# The problem
Type out the listing below exactly. Pictures stay out of it.

=== Source data ===

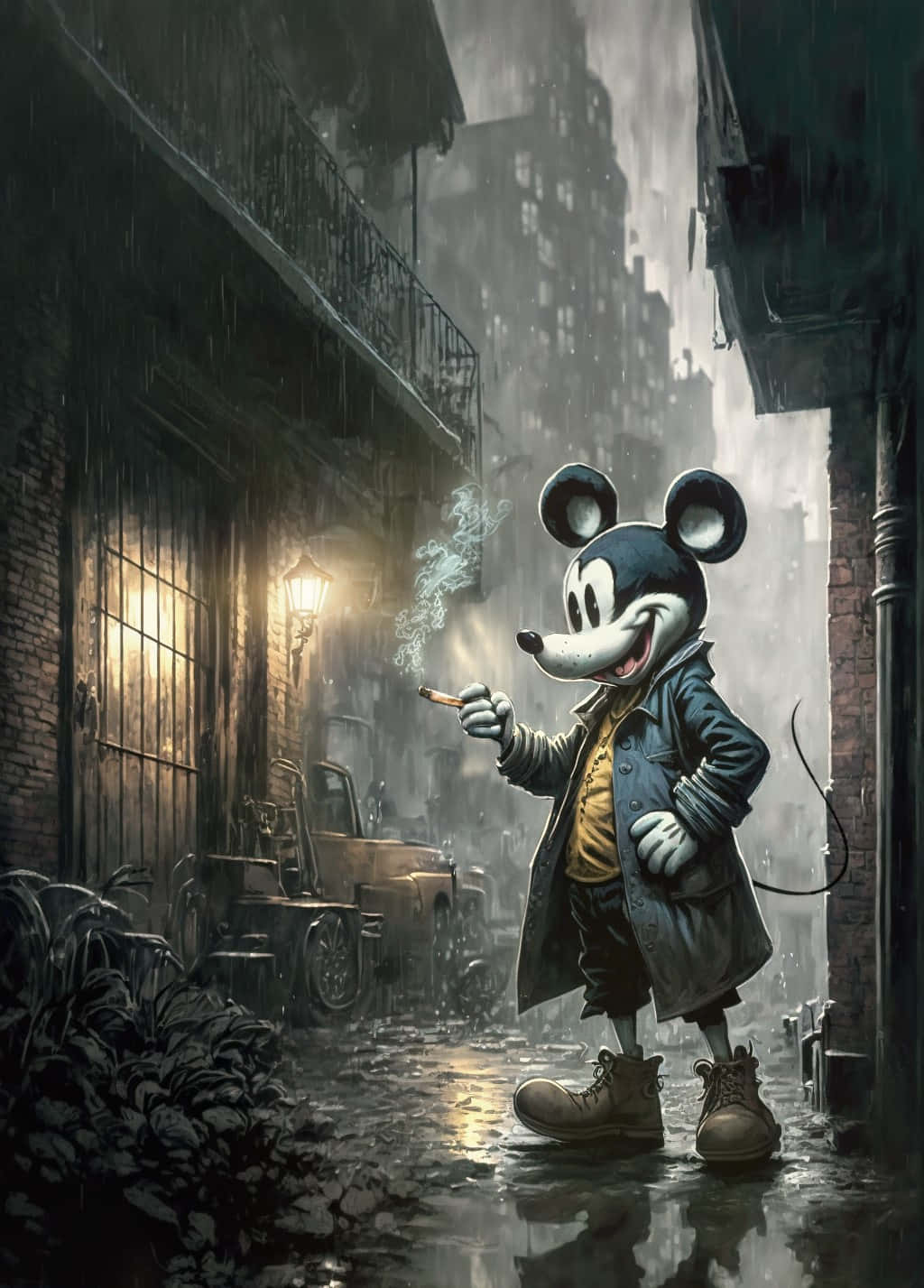 Gangster Mickey Mousein Rainy Alley Background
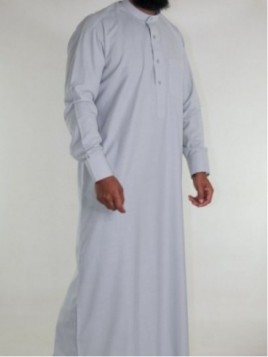 Lino saudí Qamis - gris claro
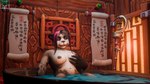 16:9 3d_(artwork) anthro bear big_breasts blizzard_entertainment breasts digital_media_(artwork) fei-ho female fur genitals hair hi_res looking_at_viewer mammal multicolored_body nipples nude pandaren pink_eyes smile solo text toxik_enzis warcraft white_body white_fur widescreen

===

# Result of the exercise
 Gangster Mickey Mousein Rainy Alley Background
 Lino saudí Qamis - gris claro
 16:9 3d_(artwork) anthro bear big_breasts blizzard_entertainment breasts digital_media_(artwork) fei-ho female fur genitals hair hi_res looking_at_viewer mammal multicolored_body nipples nude pandaren pink_eyes smile solo text toxik_enzis warcraft white_body white_fur widescreen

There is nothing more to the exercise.